Uninformed first impressions often tend to be very subjective, not correctly reflecting the reality. On the other hand, through untrained eyes and an open mind one can observe many peculiarities which are liable to escape the more familiar watcher. What the author saw and heard on a group package tour of South Africa, Zimbabwe and Kenya.

As a member of a group package tour of South Africa, Zimbabwe and Kenya, I did not get any opportunity to have discussions and interaction with the South African intelligentsia. But I had ample opportunity to meet and talk to porters, bell boys, shop assistants, coach drivers and attendants, tour guides and occasionally with members of the public in shopping centres, hotel lobbies and airports. Individually they do not matter. But collectively they form public opinion. My attempt in this piece will be to capture, as authentically as I can, what I heard from them and what I saw. It is said that uninformed first impressions often tend to be highly subjective, not correctly reflecting the reality. On the other hand, through untrained eyes and a fairly open mind one can observe so many peculiarities which often escape a familiar watcher.

It was in Hotel Canabas in Sun City that I had a revealing experience about Indians and India. He was a black South African citizen attending to our table as a waiter in Plam Plaza, a grand eating joint for the rich. He was tall and handsome. Hesitantly, he approached me and enquired of my nationality.

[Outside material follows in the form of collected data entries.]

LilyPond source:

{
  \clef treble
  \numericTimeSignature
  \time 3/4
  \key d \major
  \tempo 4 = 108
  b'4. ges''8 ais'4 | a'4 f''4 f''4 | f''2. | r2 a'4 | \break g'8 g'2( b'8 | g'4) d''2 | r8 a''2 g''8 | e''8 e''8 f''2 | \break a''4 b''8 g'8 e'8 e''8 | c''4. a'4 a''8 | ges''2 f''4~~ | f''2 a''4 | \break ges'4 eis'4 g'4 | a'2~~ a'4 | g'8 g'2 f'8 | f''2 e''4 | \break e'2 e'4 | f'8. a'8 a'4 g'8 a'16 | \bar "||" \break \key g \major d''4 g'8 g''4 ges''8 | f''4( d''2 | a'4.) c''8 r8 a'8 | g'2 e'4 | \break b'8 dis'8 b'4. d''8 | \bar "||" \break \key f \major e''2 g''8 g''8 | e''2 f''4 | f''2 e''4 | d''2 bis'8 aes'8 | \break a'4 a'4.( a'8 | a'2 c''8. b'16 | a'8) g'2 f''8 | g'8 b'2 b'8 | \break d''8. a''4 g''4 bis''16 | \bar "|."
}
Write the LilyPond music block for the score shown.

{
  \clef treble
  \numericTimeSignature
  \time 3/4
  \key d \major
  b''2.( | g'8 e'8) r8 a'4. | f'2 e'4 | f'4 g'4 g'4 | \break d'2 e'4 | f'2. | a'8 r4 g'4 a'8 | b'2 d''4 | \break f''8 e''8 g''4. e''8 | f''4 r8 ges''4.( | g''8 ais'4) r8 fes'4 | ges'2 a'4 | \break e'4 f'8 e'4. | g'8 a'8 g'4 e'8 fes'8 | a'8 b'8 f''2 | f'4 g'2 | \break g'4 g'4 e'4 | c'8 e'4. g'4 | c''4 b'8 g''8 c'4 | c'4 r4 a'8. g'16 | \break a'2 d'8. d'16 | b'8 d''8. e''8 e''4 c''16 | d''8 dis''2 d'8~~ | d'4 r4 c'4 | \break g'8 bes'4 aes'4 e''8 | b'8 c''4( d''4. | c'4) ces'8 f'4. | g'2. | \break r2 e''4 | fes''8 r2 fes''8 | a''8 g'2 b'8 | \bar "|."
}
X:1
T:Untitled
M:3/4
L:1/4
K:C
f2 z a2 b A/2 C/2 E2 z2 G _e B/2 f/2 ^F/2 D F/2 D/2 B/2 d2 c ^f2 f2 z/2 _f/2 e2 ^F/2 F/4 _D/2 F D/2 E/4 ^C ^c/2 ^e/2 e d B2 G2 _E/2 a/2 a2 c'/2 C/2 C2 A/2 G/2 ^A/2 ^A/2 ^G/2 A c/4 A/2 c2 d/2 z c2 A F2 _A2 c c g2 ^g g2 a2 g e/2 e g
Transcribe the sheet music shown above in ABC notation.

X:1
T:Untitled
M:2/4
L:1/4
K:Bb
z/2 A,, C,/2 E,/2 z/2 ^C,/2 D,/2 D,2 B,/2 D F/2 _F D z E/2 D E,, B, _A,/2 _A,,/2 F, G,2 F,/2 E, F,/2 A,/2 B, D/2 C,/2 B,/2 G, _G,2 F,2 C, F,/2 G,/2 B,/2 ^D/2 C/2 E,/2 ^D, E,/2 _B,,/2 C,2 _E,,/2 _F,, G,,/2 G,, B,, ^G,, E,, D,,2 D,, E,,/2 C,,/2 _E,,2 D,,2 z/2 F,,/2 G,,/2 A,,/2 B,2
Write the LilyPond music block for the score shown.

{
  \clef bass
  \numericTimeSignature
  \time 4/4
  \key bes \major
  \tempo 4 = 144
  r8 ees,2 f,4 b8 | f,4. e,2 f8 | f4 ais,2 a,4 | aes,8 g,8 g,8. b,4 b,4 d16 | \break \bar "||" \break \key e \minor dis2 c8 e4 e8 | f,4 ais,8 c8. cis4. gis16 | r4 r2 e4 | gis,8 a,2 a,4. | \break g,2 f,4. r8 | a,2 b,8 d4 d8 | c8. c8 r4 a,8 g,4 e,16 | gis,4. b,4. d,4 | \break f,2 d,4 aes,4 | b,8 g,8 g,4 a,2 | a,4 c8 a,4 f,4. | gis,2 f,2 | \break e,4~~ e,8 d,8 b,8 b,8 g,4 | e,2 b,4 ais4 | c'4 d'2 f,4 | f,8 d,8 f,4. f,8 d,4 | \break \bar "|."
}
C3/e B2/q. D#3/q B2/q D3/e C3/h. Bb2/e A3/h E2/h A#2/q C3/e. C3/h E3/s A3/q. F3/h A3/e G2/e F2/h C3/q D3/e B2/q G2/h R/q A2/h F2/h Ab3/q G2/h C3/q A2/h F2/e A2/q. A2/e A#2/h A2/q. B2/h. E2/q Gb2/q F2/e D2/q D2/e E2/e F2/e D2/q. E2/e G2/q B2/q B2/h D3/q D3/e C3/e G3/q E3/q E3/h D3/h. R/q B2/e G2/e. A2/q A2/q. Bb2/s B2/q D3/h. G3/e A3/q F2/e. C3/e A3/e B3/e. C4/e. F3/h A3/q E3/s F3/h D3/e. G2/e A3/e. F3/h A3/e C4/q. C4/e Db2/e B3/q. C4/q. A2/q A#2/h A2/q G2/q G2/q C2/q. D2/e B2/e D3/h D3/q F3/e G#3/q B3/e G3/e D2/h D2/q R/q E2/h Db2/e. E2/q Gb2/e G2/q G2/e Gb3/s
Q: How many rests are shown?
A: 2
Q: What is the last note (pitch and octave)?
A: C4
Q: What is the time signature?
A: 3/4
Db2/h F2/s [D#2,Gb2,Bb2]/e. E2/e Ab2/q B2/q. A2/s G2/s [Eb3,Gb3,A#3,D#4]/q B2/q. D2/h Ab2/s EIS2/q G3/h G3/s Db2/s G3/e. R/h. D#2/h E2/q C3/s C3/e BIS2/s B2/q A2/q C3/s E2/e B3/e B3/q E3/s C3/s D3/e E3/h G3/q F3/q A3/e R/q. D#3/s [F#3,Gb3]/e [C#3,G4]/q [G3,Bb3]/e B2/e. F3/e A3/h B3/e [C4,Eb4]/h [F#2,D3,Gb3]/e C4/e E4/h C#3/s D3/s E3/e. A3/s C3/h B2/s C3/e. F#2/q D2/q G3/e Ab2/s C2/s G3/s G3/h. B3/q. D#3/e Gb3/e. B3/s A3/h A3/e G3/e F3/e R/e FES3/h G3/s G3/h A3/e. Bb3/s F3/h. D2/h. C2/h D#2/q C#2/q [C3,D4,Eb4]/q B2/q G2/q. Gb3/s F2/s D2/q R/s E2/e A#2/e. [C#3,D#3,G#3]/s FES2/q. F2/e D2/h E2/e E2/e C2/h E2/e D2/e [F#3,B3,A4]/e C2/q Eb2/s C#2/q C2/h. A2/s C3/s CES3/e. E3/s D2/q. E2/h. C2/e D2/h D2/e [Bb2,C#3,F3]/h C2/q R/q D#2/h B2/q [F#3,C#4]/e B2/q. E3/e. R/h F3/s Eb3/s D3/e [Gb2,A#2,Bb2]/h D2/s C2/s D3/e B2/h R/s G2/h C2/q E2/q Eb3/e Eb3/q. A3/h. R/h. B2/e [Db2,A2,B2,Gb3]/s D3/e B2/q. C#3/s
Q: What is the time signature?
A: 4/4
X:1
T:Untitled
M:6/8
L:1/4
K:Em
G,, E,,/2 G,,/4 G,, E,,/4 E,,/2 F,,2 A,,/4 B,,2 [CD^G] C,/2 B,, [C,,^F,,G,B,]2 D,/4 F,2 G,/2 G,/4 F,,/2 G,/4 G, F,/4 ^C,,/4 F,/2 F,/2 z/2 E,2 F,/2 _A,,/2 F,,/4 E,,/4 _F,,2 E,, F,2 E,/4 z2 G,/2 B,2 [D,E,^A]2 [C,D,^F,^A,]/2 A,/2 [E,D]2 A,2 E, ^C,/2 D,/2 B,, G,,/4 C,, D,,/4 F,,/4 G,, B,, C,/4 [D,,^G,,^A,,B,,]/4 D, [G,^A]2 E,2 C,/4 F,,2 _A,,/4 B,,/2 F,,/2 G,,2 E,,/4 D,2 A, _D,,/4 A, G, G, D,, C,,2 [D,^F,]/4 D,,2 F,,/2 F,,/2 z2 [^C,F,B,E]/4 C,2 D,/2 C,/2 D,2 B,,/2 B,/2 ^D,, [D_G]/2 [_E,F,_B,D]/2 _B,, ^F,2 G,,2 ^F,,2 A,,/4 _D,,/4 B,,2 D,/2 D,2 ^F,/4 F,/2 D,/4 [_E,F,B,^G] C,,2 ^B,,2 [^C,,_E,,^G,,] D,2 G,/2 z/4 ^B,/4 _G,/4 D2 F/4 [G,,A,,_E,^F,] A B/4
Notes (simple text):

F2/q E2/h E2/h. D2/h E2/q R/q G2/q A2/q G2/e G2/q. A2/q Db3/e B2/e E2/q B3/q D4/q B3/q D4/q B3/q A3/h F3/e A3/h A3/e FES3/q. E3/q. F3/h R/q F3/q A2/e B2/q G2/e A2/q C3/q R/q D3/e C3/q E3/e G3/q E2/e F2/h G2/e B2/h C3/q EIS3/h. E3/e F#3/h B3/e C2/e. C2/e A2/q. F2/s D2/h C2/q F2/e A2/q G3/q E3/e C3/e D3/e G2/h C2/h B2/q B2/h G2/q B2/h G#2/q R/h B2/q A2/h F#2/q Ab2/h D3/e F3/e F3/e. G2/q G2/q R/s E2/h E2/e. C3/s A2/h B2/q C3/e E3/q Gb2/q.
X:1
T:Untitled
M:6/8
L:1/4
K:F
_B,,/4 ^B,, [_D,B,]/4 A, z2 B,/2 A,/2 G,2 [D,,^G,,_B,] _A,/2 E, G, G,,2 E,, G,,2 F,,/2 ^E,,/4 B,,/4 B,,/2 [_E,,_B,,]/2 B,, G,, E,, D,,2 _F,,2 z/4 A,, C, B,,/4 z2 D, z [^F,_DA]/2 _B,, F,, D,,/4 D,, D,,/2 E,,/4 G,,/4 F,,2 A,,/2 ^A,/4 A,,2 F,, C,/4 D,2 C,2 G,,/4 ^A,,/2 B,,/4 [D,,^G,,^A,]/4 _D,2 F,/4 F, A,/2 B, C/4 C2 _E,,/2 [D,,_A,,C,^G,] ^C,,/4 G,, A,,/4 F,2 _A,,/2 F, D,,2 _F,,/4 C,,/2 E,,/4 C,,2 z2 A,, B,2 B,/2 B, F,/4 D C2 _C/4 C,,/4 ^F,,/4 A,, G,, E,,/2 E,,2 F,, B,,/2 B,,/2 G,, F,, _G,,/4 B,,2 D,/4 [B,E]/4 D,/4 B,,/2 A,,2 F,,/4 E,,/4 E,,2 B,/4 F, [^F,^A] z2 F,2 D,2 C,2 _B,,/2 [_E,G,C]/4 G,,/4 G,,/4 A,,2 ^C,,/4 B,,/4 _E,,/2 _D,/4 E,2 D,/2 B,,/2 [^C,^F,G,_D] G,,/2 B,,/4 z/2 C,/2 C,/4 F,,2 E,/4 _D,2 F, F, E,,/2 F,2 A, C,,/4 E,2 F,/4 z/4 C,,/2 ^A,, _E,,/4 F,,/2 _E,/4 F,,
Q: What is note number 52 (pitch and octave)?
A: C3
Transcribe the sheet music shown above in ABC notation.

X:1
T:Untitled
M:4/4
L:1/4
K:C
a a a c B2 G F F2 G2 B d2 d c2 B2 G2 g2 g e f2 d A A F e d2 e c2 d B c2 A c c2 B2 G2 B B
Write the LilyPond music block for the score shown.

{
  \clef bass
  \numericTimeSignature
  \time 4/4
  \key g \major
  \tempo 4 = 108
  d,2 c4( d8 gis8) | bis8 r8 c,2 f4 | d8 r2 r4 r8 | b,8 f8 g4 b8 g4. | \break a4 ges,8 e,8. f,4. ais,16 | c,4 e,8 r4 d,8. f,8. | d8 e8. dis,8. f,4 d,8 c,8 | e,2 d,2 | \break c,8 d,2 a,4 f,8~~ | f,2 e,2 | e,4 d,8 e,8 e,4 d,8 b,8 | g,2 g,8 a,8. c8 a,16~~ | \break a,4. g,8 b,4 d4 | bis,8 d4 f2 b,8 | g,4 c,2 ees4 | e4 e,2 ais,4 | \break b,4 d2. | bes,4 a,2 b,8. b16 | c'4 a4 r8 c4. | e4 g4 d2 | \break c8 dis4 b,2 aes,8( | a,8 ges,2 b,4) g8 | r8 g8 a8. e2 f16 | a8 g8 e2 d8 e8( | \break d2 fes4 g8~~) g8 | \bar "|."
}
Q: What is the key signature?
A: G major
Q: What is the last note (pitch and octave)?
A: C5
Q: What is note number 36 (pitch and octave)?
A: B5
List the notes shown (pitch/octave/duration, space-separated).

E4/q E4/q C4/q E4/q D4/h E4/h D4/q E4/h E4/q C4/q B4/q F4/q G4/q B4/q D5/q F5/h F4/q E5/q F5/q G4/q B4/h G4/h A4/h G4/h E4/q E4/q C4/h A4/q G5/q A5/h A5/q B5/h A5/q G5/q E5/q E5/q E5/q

Having heard that I was an Indian, he said “India is a rich country. Many Indians come here to go to casinos. A few win but many lose heavily. But they come back again to play. Can you get me a job in India? I shall fully satisfy you with my service.” I was taken aback. The dark shadow under the glittering glow of Sun City came out starkly. He was an educated young man. He was a casual worker. He was given work for two to three days in a week on daily wage basis. He had to work for long hours into the wee hours of the morning. Supervisors would deduct wages for any fault. He was not sure whether he would get a call next week. He had to look after his family consisting of parents and sisters. Uncertainty, even about his casual employment, was causing him severe stress and tension. He wanted to migrate to India for a secure job having seen so many rich Indians in Sun City casinos. I learnt more about the burgeoning Indian bourgeoisie from him than from going through scholarly articles on the subject in the pages of this journal. To one of my queries he replied that Mbeki (the current president) was no good. Whites were on the ascendant again. The owner of this hotel and casino was a white Afrikaan who treated his coloured employees harshly.